(GIVEN DATA Opens)

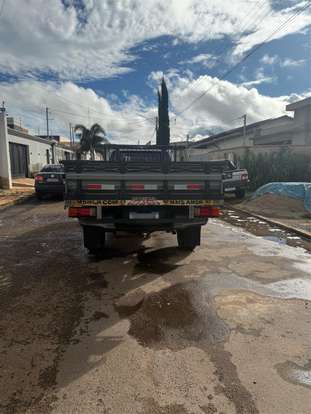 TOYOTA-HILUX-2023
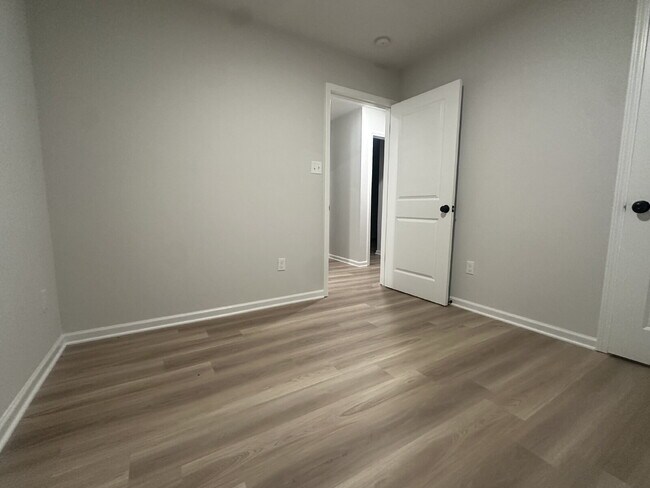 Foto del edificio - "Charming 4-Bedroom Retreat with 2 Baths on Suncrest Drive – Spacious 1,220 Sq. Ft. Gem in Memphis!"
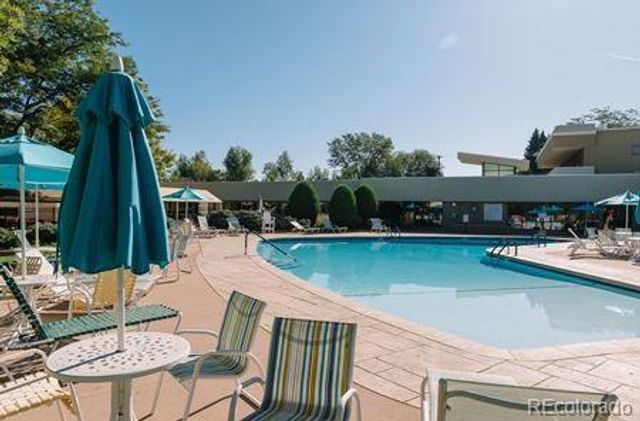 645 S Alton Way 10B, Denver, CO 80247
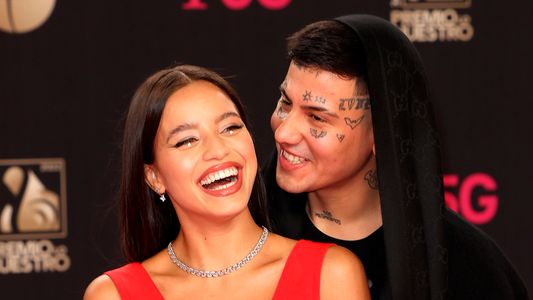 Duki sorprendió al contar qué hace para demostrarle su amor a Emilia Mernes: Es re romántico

(GIVEN DATA Closes)
(GIVEN DATA Opens)

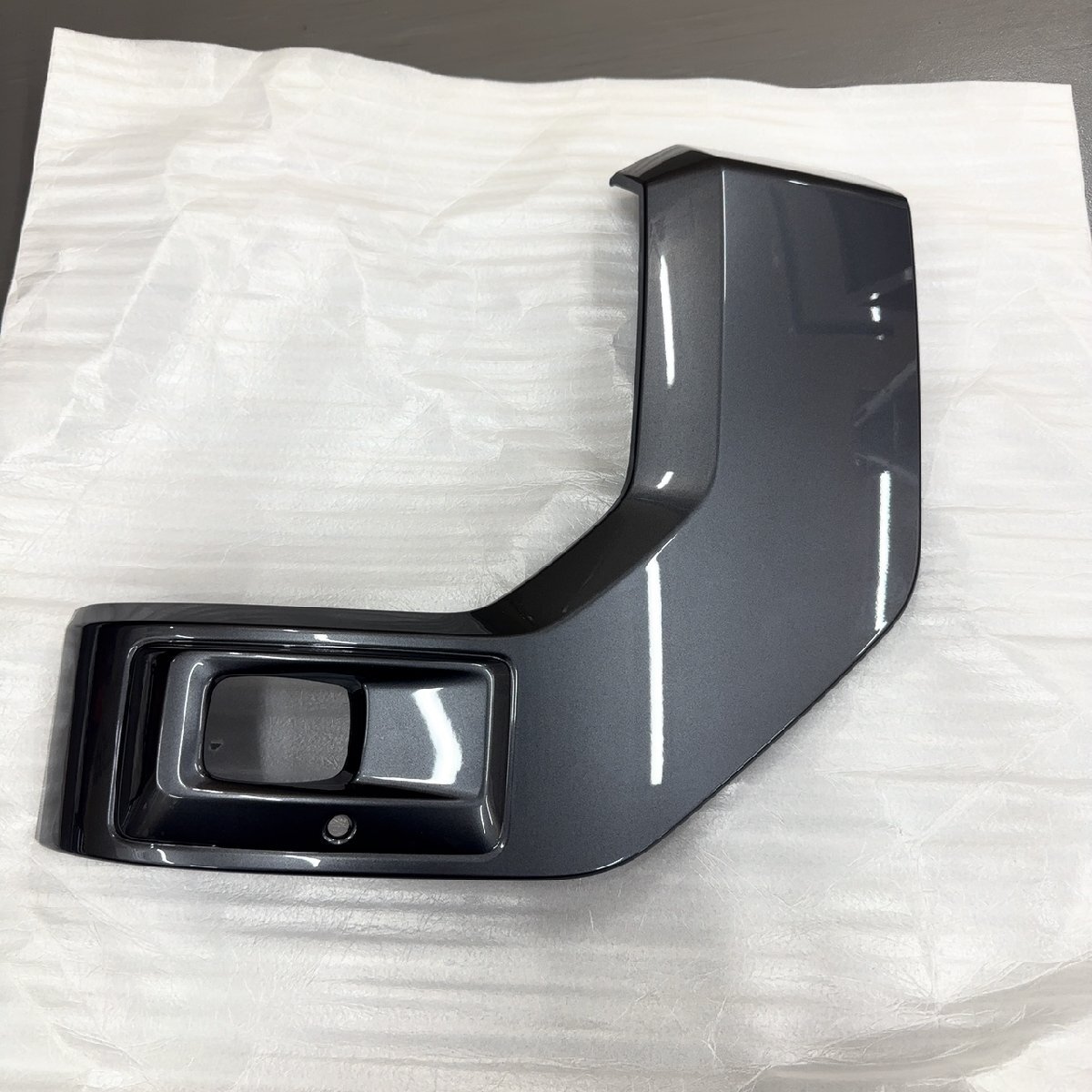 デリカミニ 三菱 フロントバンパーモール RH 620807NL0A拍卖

(GIVEN DATA Closes)

Look above for the line containing "TOYOTA-HILUX-2023" and the line containing "645 S Alton Way 10B, Denver, CO 80247", then reproduce both and everything between them exactly, pictures omitted.

 TOYOTA-HILUX-2023
 Foto del edificio - "Charming 4-Bedroom Retreat with 2 Baths on Suncrest Drive – Spacious 1,220 Sq. Ft. Gem in Memphis!"
 645 S Alton Way 10B, Denver, CO 80247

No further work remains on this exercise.